Bij de aankomst in Amsterdam komt Otto erachter dat de helpers van tijdens het onderduiken allemaal nog in leven zijn. Hij trekt daarom tijdelijk in bij Miep Gies. Bij aankomst krijgt Otto de dagboeken van zijn dochter Anne in handen. Het heeft even geduurd voordat Otto de dagboeken kon lezen maar nadat hij eenmaal begonnen was, werd hij gegrepen door ver verhalen die ze op had geschreven over het leven in het achterhuis.

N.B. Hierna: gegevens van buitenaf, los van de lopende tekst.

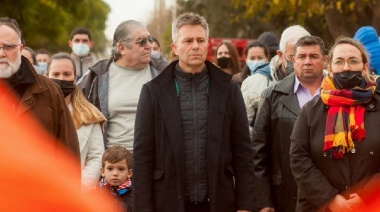EDGAR BRUNO: “EN CANALS PREMIAMOS A LOS CONTRIBUYENTES QUE TODOS LOS AÑOS CUMPLEN”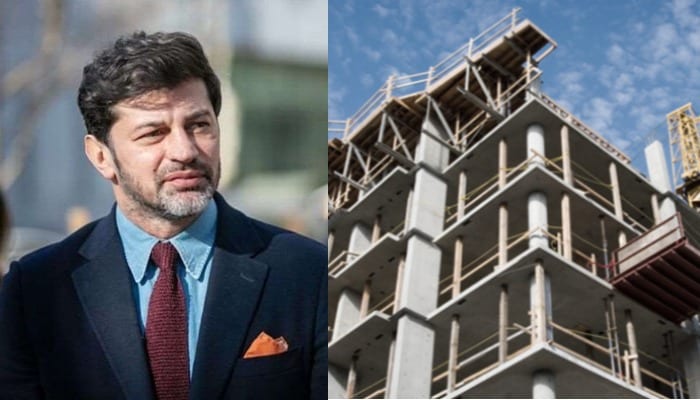 მნიშვნელოვანი ინფორმაცია მათთვის, ვინც მშენებარე კორპუსებში ბინას ელოდება! – კახა კალაძე ახალი ინიციატივით გამოდის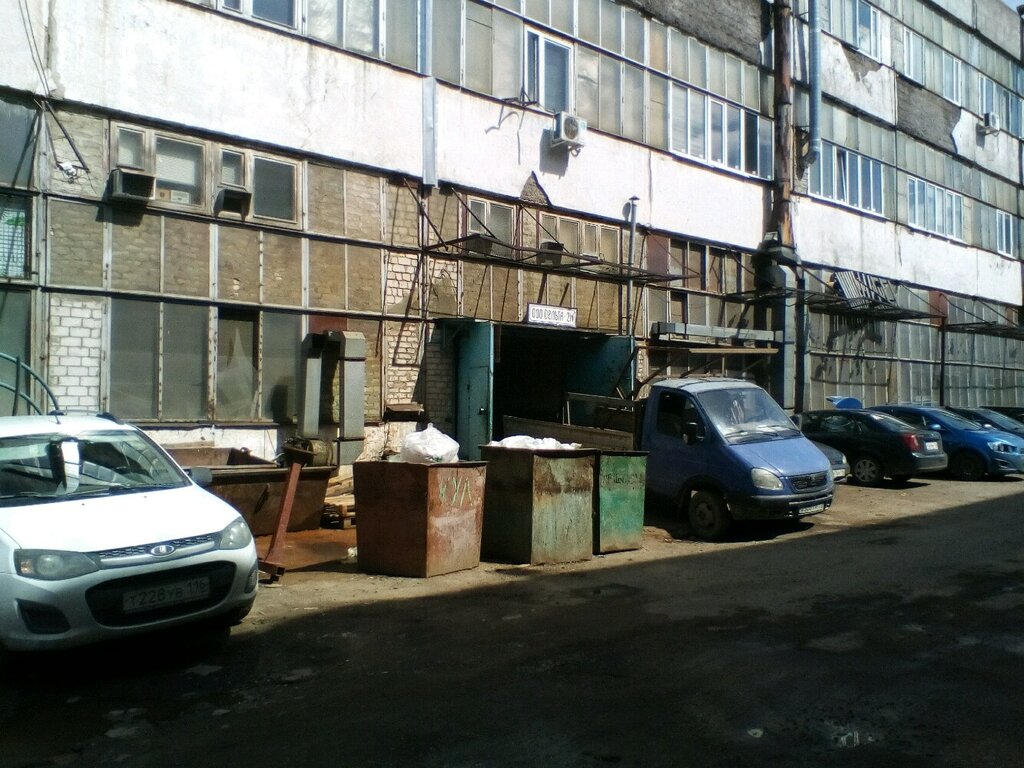 Electric motors Delta 2m, Kazan, photo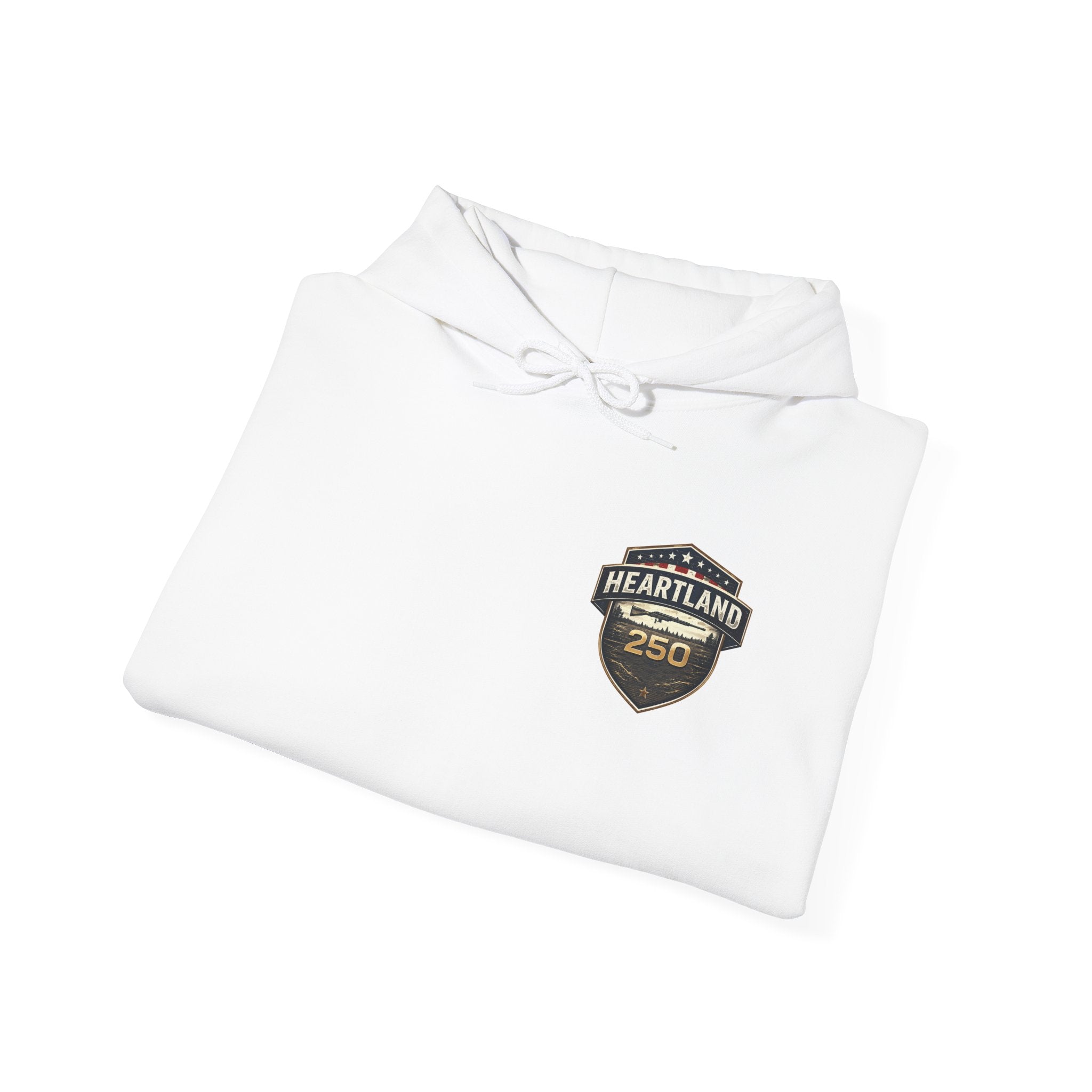 Heartland 250 Shield Hoodie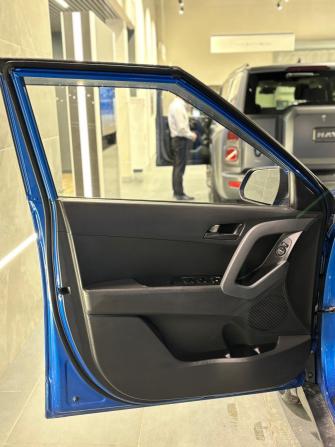 Hyundai Creta I с пробегом 2020 года, цена 1 880 000 рублей, 81205 км, внедорожник, Автокод Объявления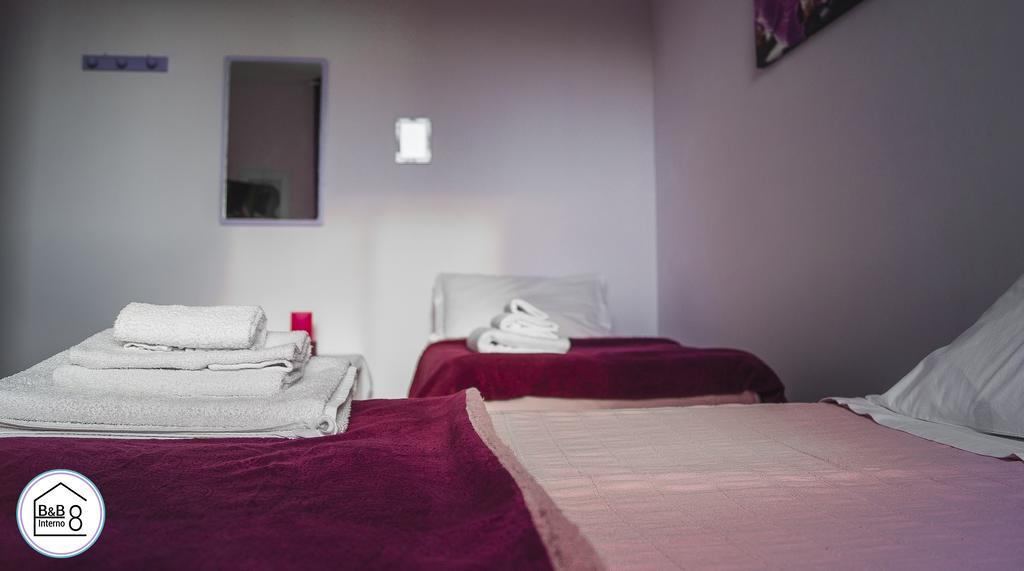 B&B Interno 8 Рим Екстериор снимка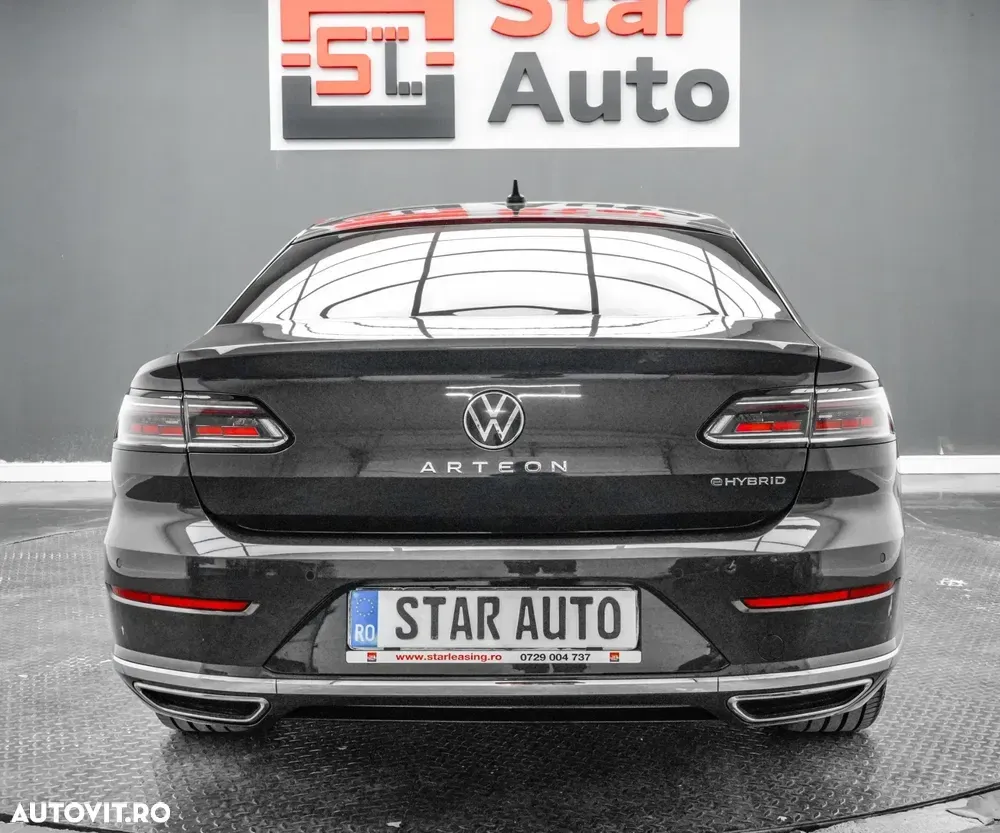 Volkswagen Arteon eHybrid 1.4 TSI Elegance — imagine 5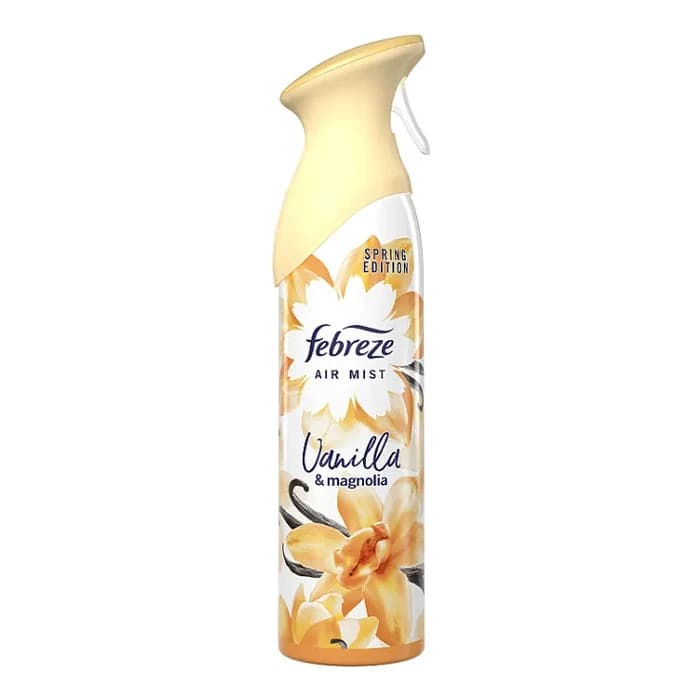 اسپری خوشبو کننده هوا فبرز vanilla cookie 185 میل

Otto vindt een uitgever waar hij de dagboeken van zijn dochter Anne laat publiceren. Twee jaar na de oorlog verschijnt Het Achterhuis. ‘Wat zou Anne daar trots op geweest zijn als ze dit had meegemaakt,’ schrijft Otto over die eerste uitgave. Al snel volgen vertalingen in het Frans, Duits en Engels.
Nieuws over zijn dochters
Pas in juli 1945, toen de lijsten van het rode kruis rond gingen met alle namen van de overleden gevangenen. Kwam Otto Frank erachter dat zijn beide dochters het niet hadden overleefd. Zelfs met het nieuws over zijn dochters bleef Otto Frank een rustige en nuchtere man. Hij benoemde dat het leven nu geen zin meer had zonder zijn vrouw en dochters.
Leven na de oorlog
In de jaren na de oorlog was het voor Otto Frank alsnog een zware periode. Otto was geboren in Frankfurt, Duitsland. Wat ervoor zorgde dat hij zijn bedrijf niet meer als directeur mocht runnen. Zijn bedrijf, die hij in Amsterdam had heeft door de oorlog lang stil gelegen en daarom ook failliet gegaan. Na een tijd richtte hij nog een bedrijf genaamd Pektakon op. Dit bedrijf ging handelen in kruiden en specerijen.